At last Johnny saw Lew walking toward him, at first with some else; a well dressed call-girl holding his arm. They parted with a wave but Lew stopped, motioned her back and pressed an additional few hundred dollars into her happy hands. When next to Johnny Lew exhaled in relief.
"Had some trouble in the sack, tonight, kid. Almost cried to get my dick hard. 'Got to relax. Yeah, I made it, probably for the last time -- But you never know."
Johnny trembled with cold and fatigue. But he had to know if the promise still existed.
"So did you lose it all?" Johnny asked.
"Nah, that's the funny thing. I won. I won big. How many times have I come here and shtupped a couple hundred grand into their till. Shit. Tonight I couldn't give it away. It came back to me five times."
"What now?"
"I gotta see a priest, check into a top hospital with the best doctors. I got to do it, kid."
"And the money?"
"Hey, that's the deal. Without the money, I'm a fucking bum no one would lift a finger for. I gotta give it to them who promise to save me; whether they can or can't. It's their prize."
"All of it?"
"Of course. It's my only hope. --Oh, uh, you probably need a buck or two for a bus, huh? Here, I'll give you a five spot. Get some coffee, okay."

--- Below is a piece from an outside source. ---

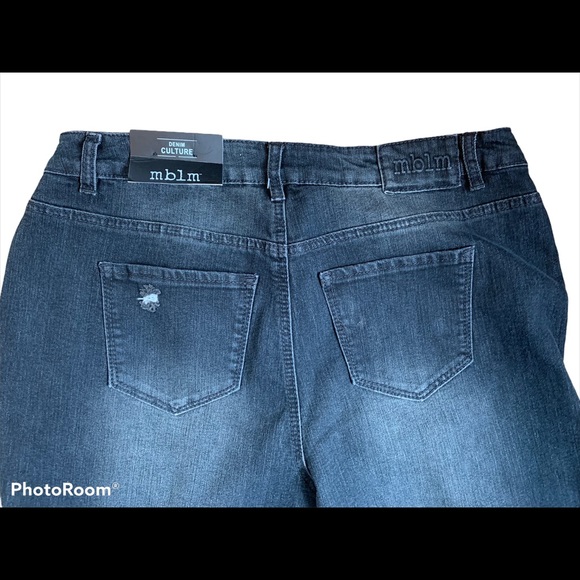 MBLM Black Distressed Skinny Jeans - Picture 4 of 5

Lew thrust the five dollars into Johnny's cold hand and headed for the garage. "Good luck, kid, and don't forget what I tol' ya," he called back as he walked.

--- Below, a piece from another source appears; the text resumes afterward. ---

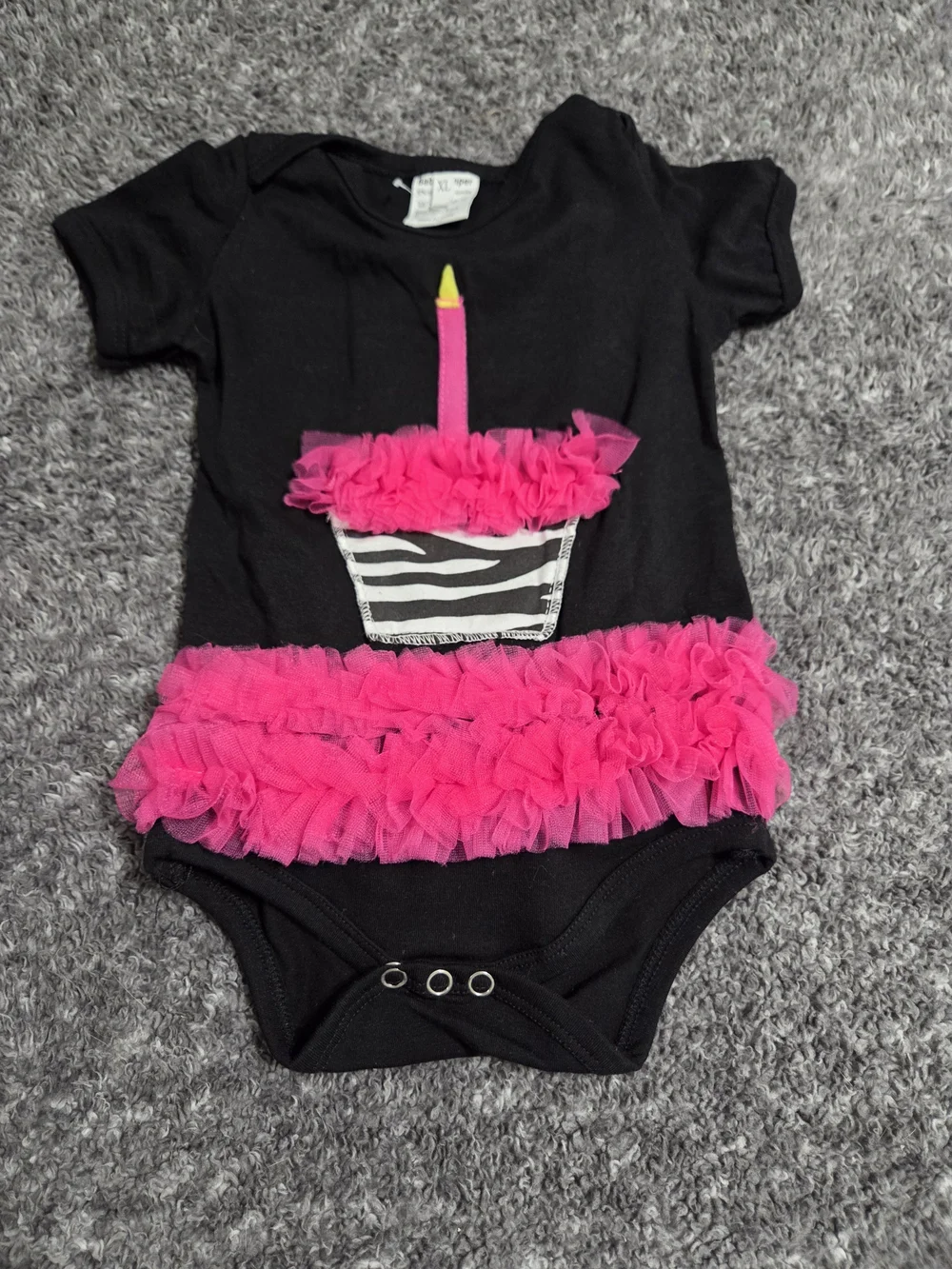 Black & Hot Pink Tulle Cupcake One-Piece Bodysuit - Kids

At first Johnny fought back tears of bitterness, But then he began to perceive part of the secret mystery of success. All was not yet revealed, but it seemed to revolve around the following paradigms --While Johnny was unsure Lew would, return; Lew expected (knew) that Johnny would wait for him. --Around this equation revolved the answer.
Johnny opened his hand anticipating that the wind would sail the five dollar bill across town or out to sea. The wind stopped and the money dropped to his feet.
There were different kinds of success in the world. Within the year Lew would be dead. Johnny picked up the five and decided to return home, call his ex-fiancé and try to get another job. That's what most of us would do. Go after the better odds.